How North America Became Its Own Energy Safe Haven

The Strait of Hormuz moves 20.9M b/d - bypass capacity handles only 4.7M. That 16M-barrel gap is why North American energy businesses trade like infrastructure when geopolitical friction persists. HESM is the basket's cleanest hide: 7.6% yield, Chowder Rule 18.9%, Gross Margin 86.8%, Beta 0.58. Fee…

Published: 2026-03-24 by GNG Research

Tickers: HESM, CTRA, ENB, SU, MPC

Picture 20.9 million barrels of oil moving every single day through a waterway narrow enough that a tanker captain can see both shorelines at once. That is the Strait of Hormuz on an ordinary morning in early 2025, according to the U.S. Energy Information Administration, carrying roughly one in every five barrels of petroleum liquids the world consumes. Now picture what happens when it stops being ordinary. The bypass pipelines that Saudi Arabia and the UAE have built to route around the strait can move approximately 4.7 million barrels per day combined. The arithmetic of that gap, 20.9 million in versus 4.7 million out, is the pressure differential that reprices crude globally, and it does not matter one dollar whether you are drilling in the Bakken or the Permian. Your oil gets more valuable the moment that strait gets complicated. That scenario is no longer hypothetical.
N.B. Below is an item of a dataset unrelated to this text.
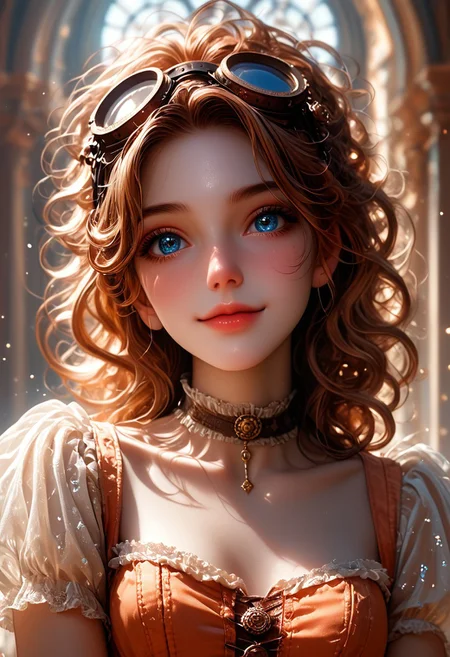 (score_9, score_8_up), score_7_up, 1girl, Highly detailed RAW color Photo, aroused depicted of 1girl, Whimsical steampunk beauty, radiant smile, freckled face. Messy updo with loose curls, golden-brown hair. Piercing blue eyes, long lashes. Brass goggles atop head. Ornate choker and delicate necklaces. Sunlit skin, rosy cheeks. Shimmering orange corset top. Victorian-inspired white blouse. Intricate background with gilded details. Warm, ethereal lighting. Hyper-realistic portrait style. Blend of vintage and fantasy elements. Sparkles and lens flares. Soft bokeh effec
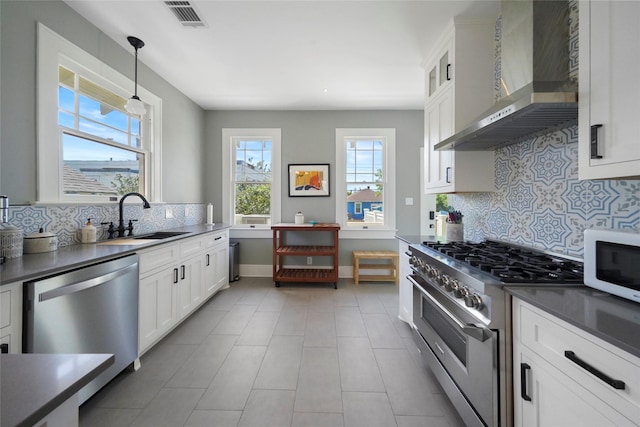 kitchen with pendant lighting, wall chimney exhaust hood, white cabinetry, stainless steel appliances, and sink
As of March 20, Reuters is reporting Brent crude near $110, with WTI above $96 and intraday prints on Brent touching $119 earlier this week. The thesis has moved from "places to hide if this happens" to "how do you manage positions now that it has." This update acknowledges that shift directly: much of the torque sleeve has repriced sharply, several buy zones are behind us, and the macro tailwind the basket was designed to capture is now visible in the tape. I am not chasing. But I am not abandoning the thesis either.